Records provided.
════

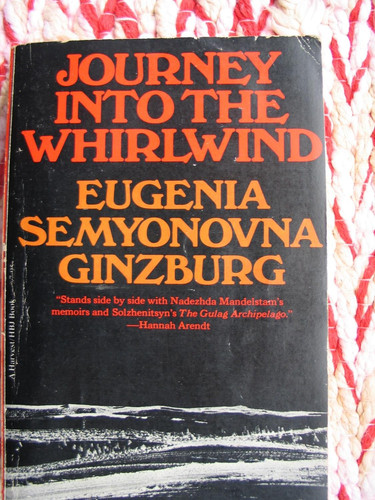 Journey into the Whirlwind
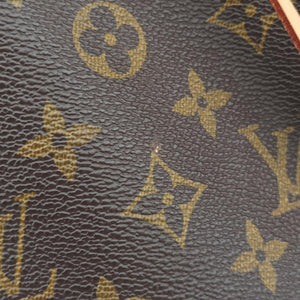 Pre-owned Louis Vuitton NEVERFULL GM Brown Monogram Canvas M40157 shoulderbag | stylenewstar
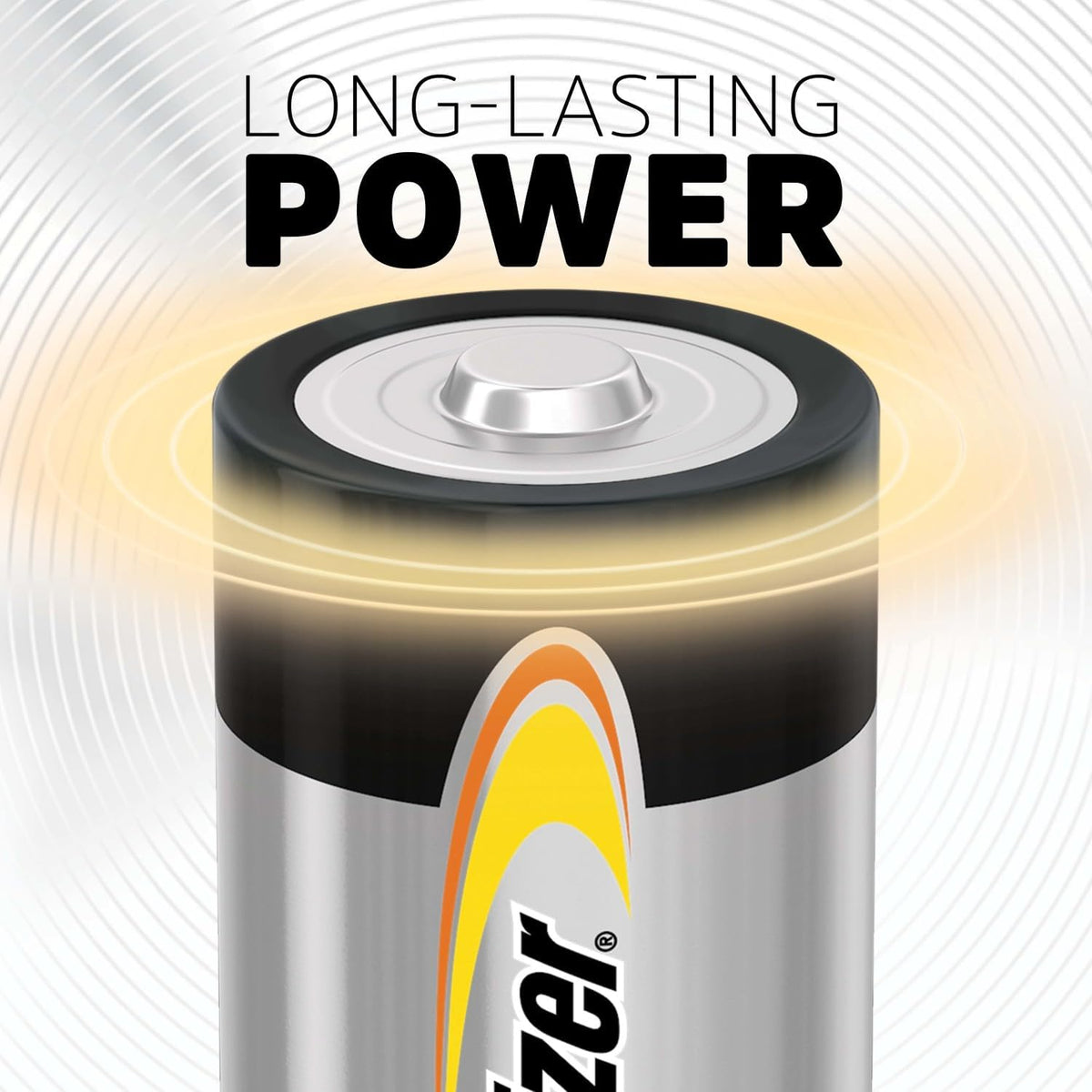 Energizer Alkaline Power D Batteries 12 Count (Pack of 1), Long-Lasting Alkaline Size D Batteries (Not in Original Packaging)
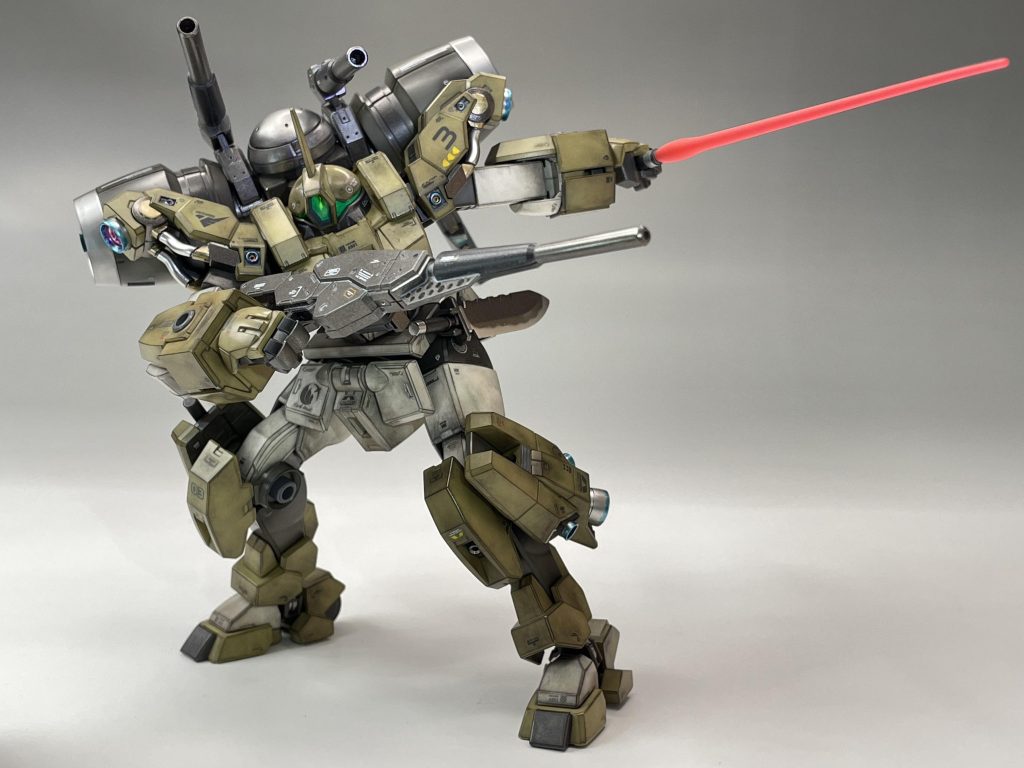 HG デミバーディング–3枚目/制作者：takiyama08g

════

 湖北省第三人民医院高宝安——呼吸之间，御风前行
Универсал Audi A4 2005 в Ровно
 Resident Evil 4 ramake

════

Exercise aim. Every line above in the stretch from the one with "Pre-owned Louis Vuitton" through the one with "HG デミバーディング–3枚目/制作者：takiyama08g" is to be transcribed exactly, ends included. No picture is copied.

The completed task.
 Pre-owned Louis Vuitton NEVERFULL GM Brown Monogram Canvas M40157 shoulderbag | stylenewstar
 Energizer Alkaline Power D Batteries 12 Count (Pack of 1), Long-Lasting Alkaline Size D Batteries (Not in Original Packaging)
 HG デミバーディング–3枚目/制作者：takiyama08g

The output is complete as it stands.